The first thing that can be seen in This Heart, Lost is its resolute commitment to the mixture of genres and indeterminacy. It is a text that sometimes falls within the narrative, at other times it seems closer to an article, and at other times it is close to poetry. Divided into seven chapters, the book escapes every sin: “Surubi in the Floating Forest” recounts some of the narrator’s memories of his father who died in the epidemic, linked to an outing between the two to go fishing; The tale derives from a reference to Ulysses’ sailors in the Odyssey, when they arrive at the island of the Lotus Eaters. The text delves into the drifts and unexpected bends of memory. High Peaks stops on a trip by the narrator—named Denis, like its author—to San Javier, a small town in Traslassierra, where a mechanical malfunction leads to a drift in the narrative and reflections on the act of writing. In “Like a Zebra,” the narrator tells of a trip to Chilean Patagonia with his girlfriend and an experience living with horse flies. “Biological Resilience” takes the form of an essay delving deeper into the world of fungi, especially with regard to their hallucinogenic properties. Informational passages alternate in the present tense and in the strict third person with other passages narrated in the first person of the narrator’s subjectivity. “Una estampita del Pity” (perhaps the least successful chapter, since the prose becomes somewhat hackneyed and the autobiography is little more than a collection of anecdotes told to a gathering of friends) focuses on the hero’s Catholic education and his discovery of the world of rock, “blowing up everything in his path.” Maybe “taiga” is “article?”, chapter? More solid: from the reference to Monolithic Village, a town of one hundred and forty inhabitants on a Siberian island described in the documentary Happy People: A Year in the Taiga, by Werner Herzog, where three hermit hunters must go hunting in order to survive for a year; The text goes on to mention The Plague Diaries by Pivo Berardi: “Could it be, says Berardi, that we end up living isolated in our consciences? Will we be able to merge our physical existence with our symbolic existence on the planet?” asks the narrator. Immediately afterwards, he imagines himself in the skin of one of these experienced hunters, while in reality what is happening around him is the Covid virus spreading to all continents.
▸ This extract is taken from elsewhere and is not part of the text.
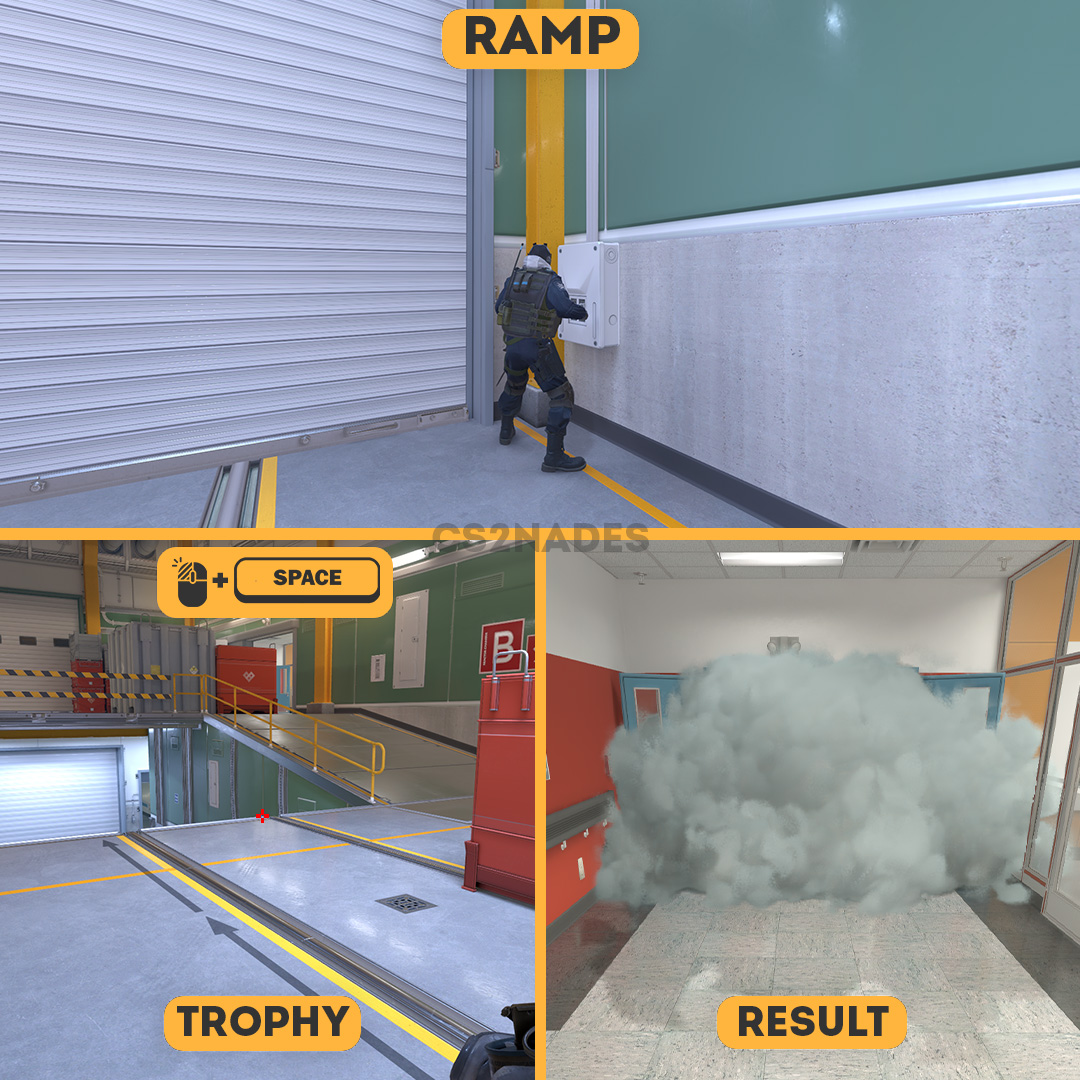 Crosshair Target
This heart, the desolation, sometimes shows its verbal ideal, and provokes the impossibility of writing. “Is it possible that literature does not allow me to live in the moment? Or vice versa: is it possible that experience does not allow me to write?” Confronted with these questions, the text embarks on a stimulating exploration of literature, abandoning the certainties and guarantees offered previously.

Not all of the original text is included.